→ **What is needed**:
Your task is to write out every line of the data exactly. Drop the pictures.
-- Provided data follows --
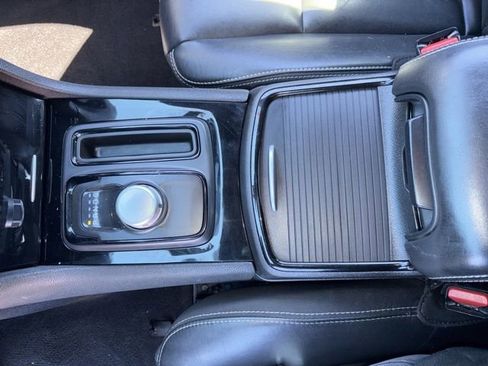 Used 2019 Chrysler 300 S image 20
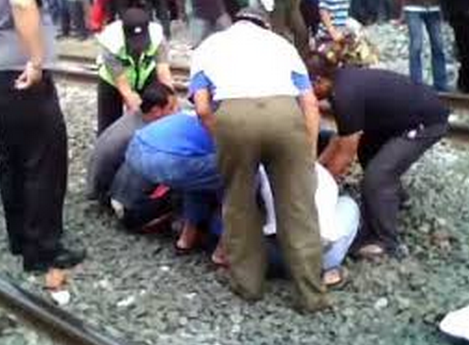 &#91;Nastak Stress&#93; Habis dicerai, Ayah ajak putrinya tabrakan diri ke Kereta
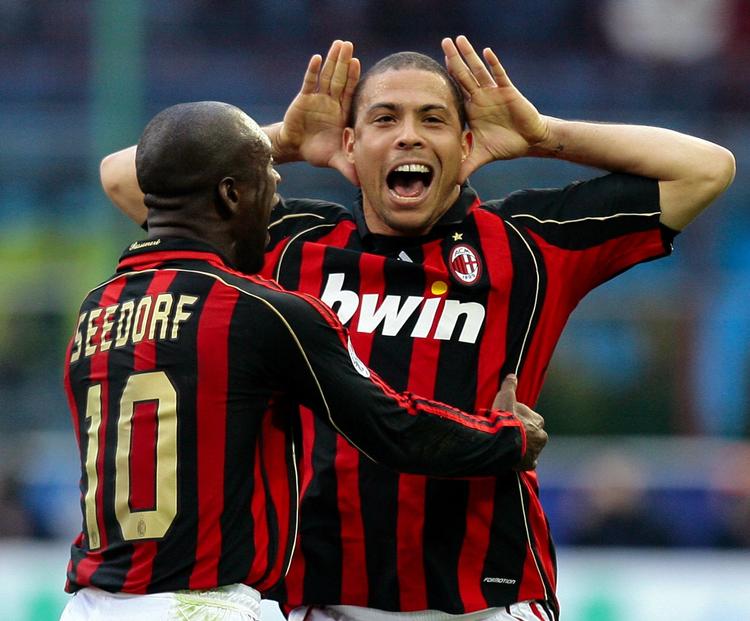 farvel. AC Milan var en af stationerne i Ronaldos fænomenale karriere.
-- Provided data concluded --
→ **Written response**:
 Used 2019 Chrysler 300 S image 20
 &#91;Nastak Stress&#93; Habis dicerai, Ayah ajak putrinya tabrakan diri ke Kereta
 farvel. AC Milan var en af stationerne i Ronaldos fænomenale karriere.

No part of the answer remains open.